The Association of Financial Supervisors of Pacific Countries facilitates cooperation between regulators in the region. APRA represents Australia as an observer at Association meetings and supports its training activities, through sponsoring speakers on topical issues at the Association's annual meeting and training workshops. APRA is also a member of:
  • the Asian Forum of Insurance Regulators;
  • the South-East Asia New Zealand and Australia (SEANZA) Forum of Banking Supervisors;
  • the Financial Regulators Training Initiative (FRTI) of the Banking Supervisors' Advisory Group of Asia-Pacific Economic Cooperation (APEC), coordinated through the Asian Development Bank; and
  • the Australian APEC Study Centre Advisory Group.
Given the importance of Australian banks within the South Pacific, APRA has been invited to join the annual meeting of South Pacific Central Bank Governors. The 2011 meeting was held in Samoa.
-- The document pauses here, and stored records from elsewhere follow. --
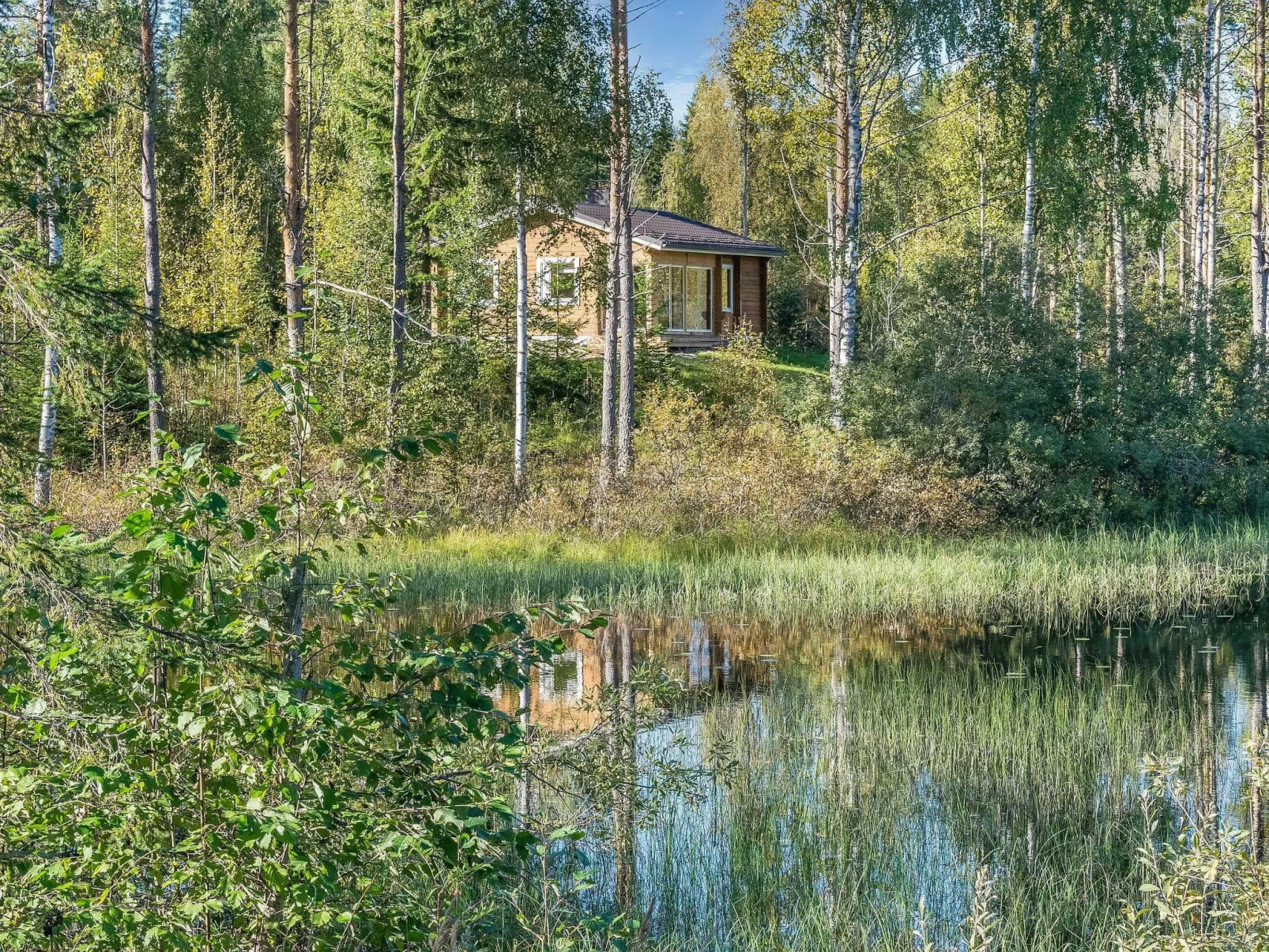 Koskenniska, vaikon loma 1-Draußen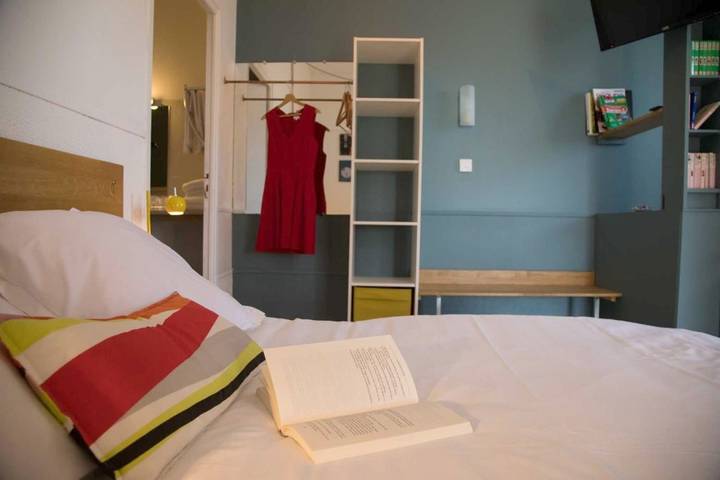 Hôtel pour 2 personnes, avec terrasse, animaux acceptés à Meursault - 3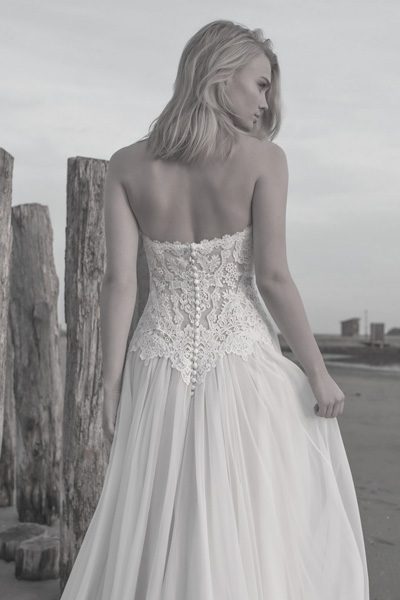 Brautkleid Modeca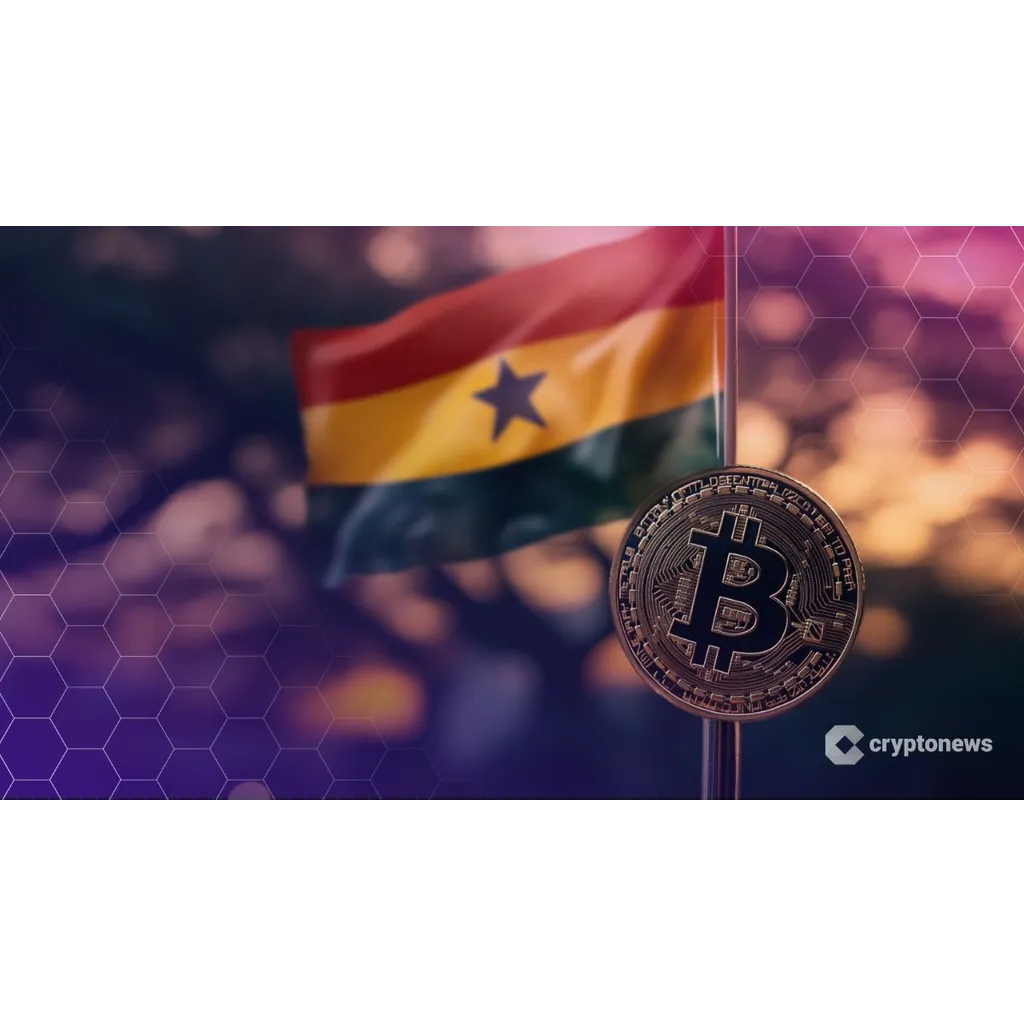 Ghana Legalizes Crypto Trading With New Regulatory Law Ghana Legalizes Crypto Trading With New Regulatory Law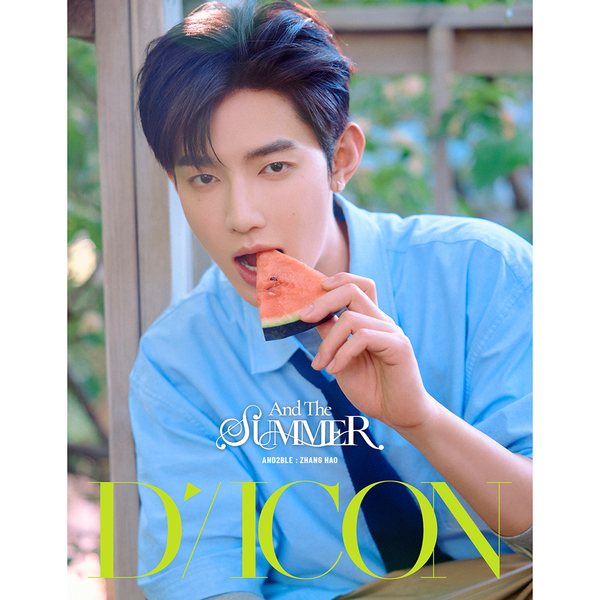 DICON ISSUE N°35 AND2BLE / AND THE SUMMER **LIMITED PREORDER**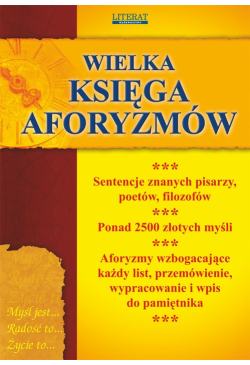 Wielka księga aforyzmów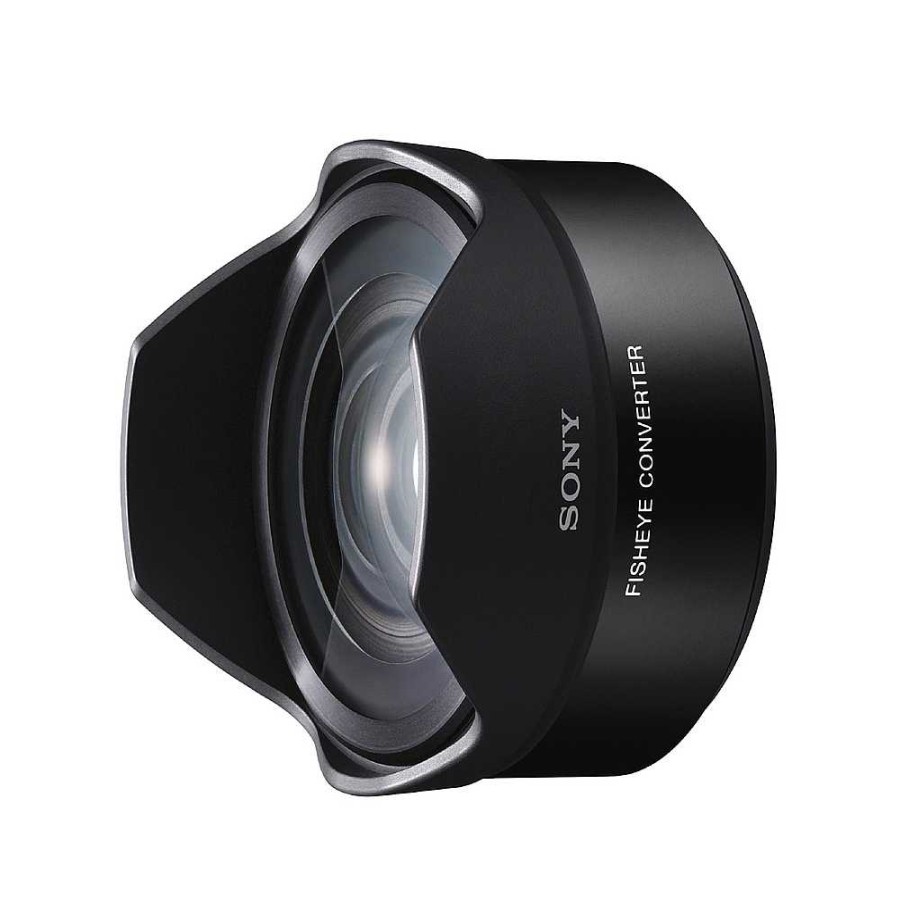 Sony Sony Vcl-Ecf2 Fisheye Converter - Black Lens Accessories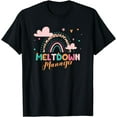 thumbnail image 1 of Meltdown Manager After School Daycare Provider Childcare T-Shirt, 1 of 4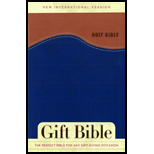 NIV Gift Bible 11 Edition, by Zondervan - ISBN 9780310434412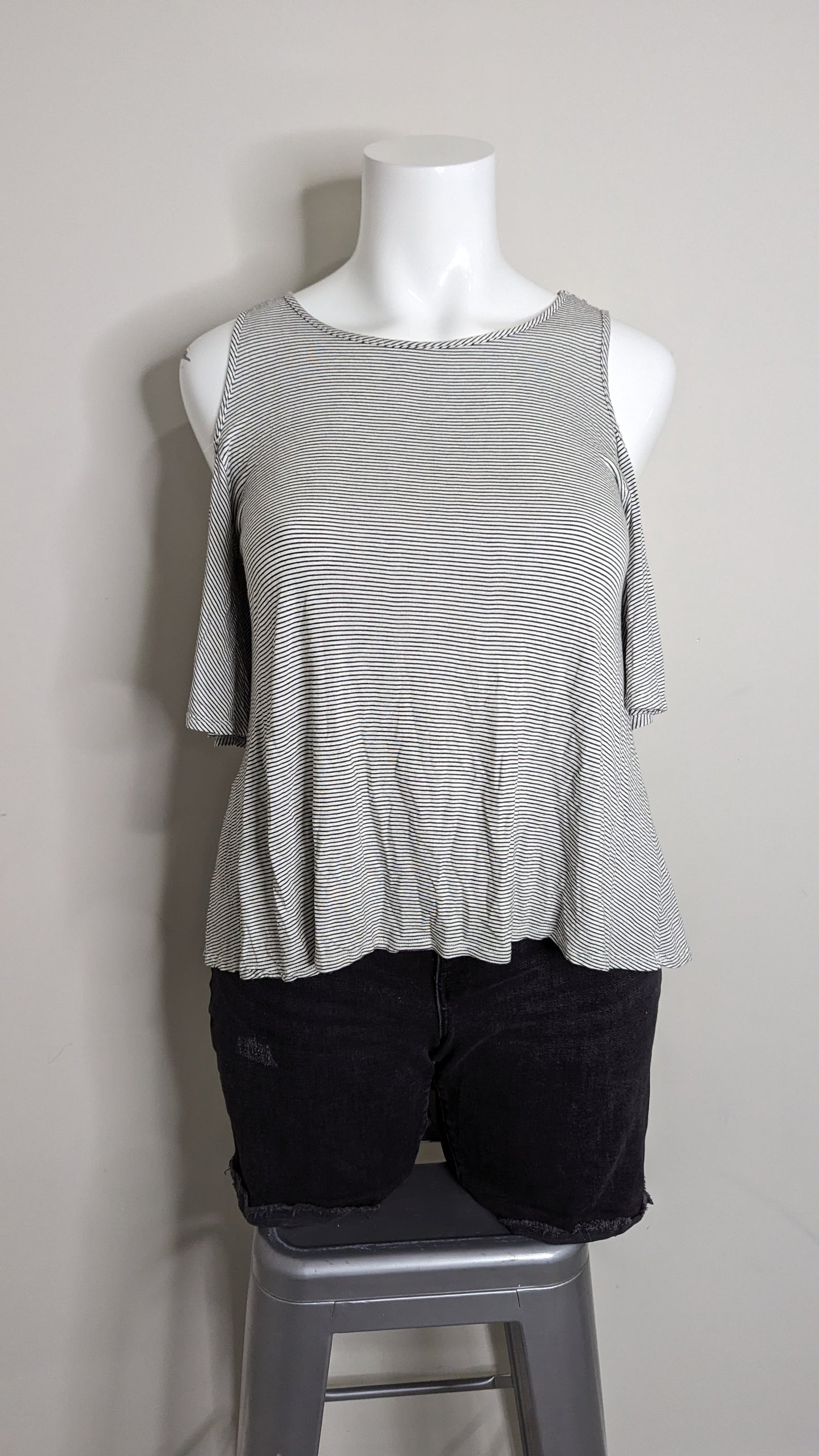 Cotton Bleu top - Size XL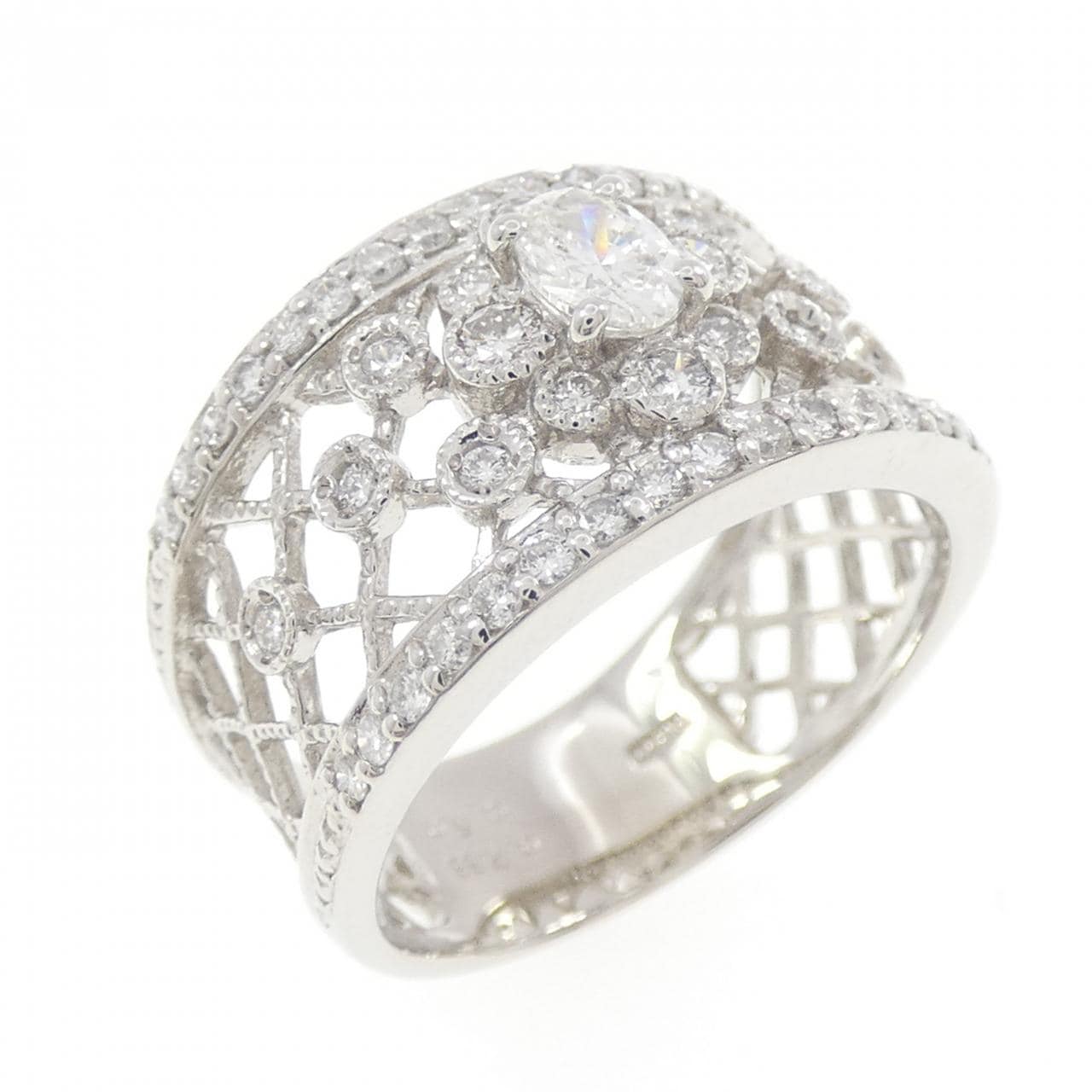 PT900 ダイヤモンド リング 0.233CT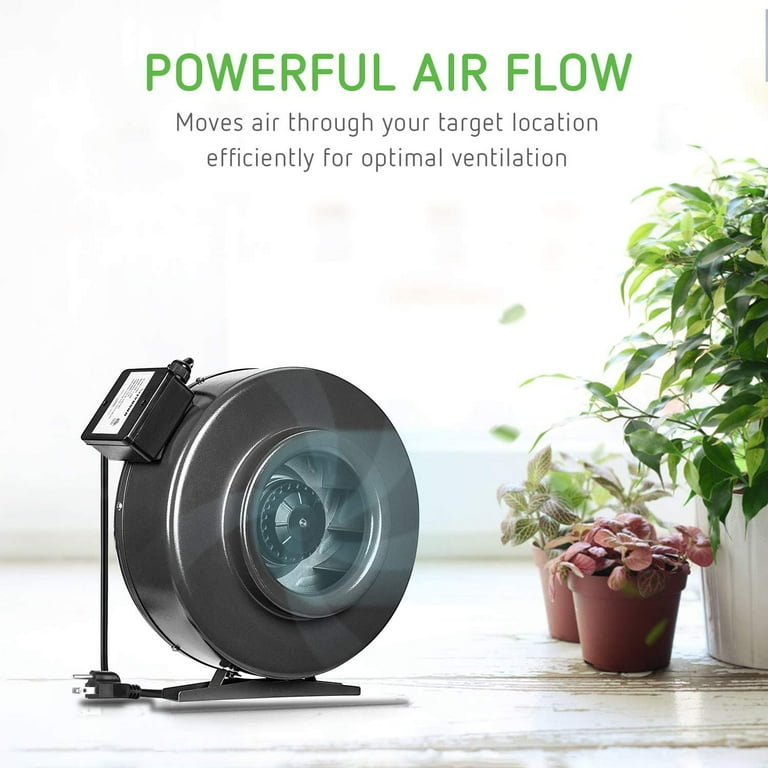 Vivosun 4 inch 195 cfm inline duct ventilation fan online
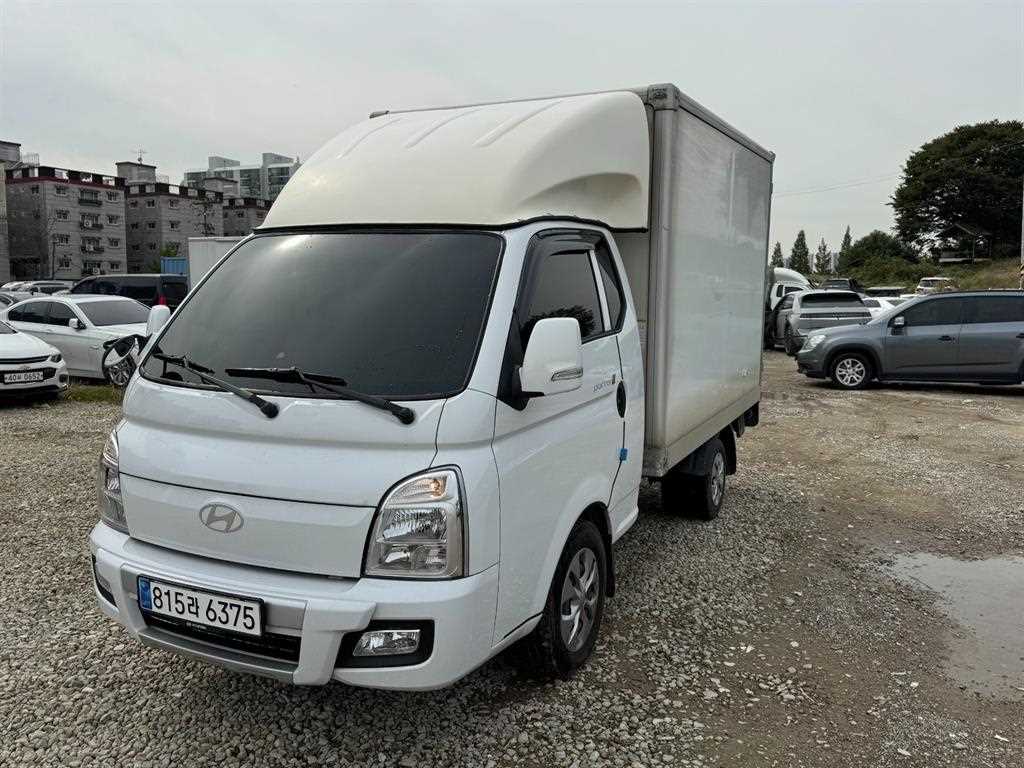 현대 포터2 1톤 표준탑 LPG 1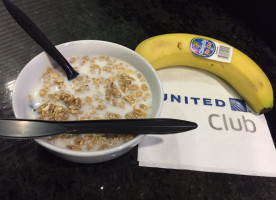 United Club food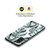 Nature Magick Tropical Palm Leaves On Marble Turquoise Green Island Soft Gel Case for Samsung Galaxy S23+ 5G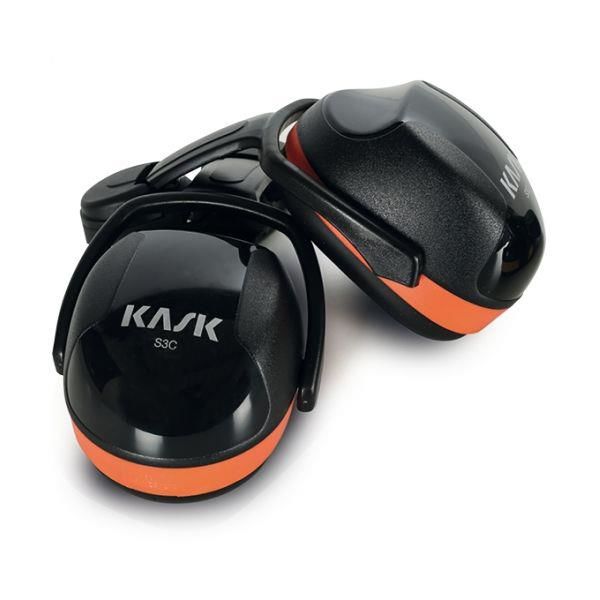 KASK SC3 Hørselvern oransje, høy demping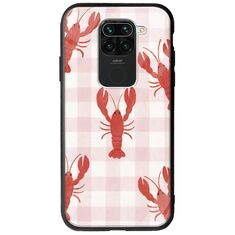 Lobster Picnic Xiaomi Redmi Note 9 Groove TPU (Tempered Glass και TPU)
APRA continues to support the international broadening of knowledge on prudential supervision by providing expert speakers to various institutes, including the Financial Stability Institute (of the Bank for International Settlements), the APEC Study Centre at RMIT University, the APEC Financial Regulatory Training Initiative and the ASEAN Insurance Training and Research Institute (AITRI). During 2011/12, APRA provided two speakers to conferences organised by the Financial Stability Institute, which are often co-hosted with other regional bodies, and one speaker to programs organised by each of the APEC Study Centre and AITRI. APRA values the opportunity to develop the skills of its staff, as both participants and speakers in such programs.
During the year, APRA hosted just over 100 international delegations from regulatory agencies, central banks, multilateral organisations, industry bodies and private sector organisations. Approximately half of the delegations were from developing countries and just under one-fifth from China. Delegation visits from South Korea and Indonesia were also prominent. Areas of interest were wide-ranging and included APRA's functions and operations, Australia's 'twin peaks' approach to regulatory arrangements and the challenges of establishing an integrated prudential regulator, prudential policy developments, risk-based supervision, Australia's handling of the global financial crisis and superannuation prudential policy and supervisory practice. In addition, there were a number of visits by individual financial institutions to discuss the requirements for establishing operations in Australia.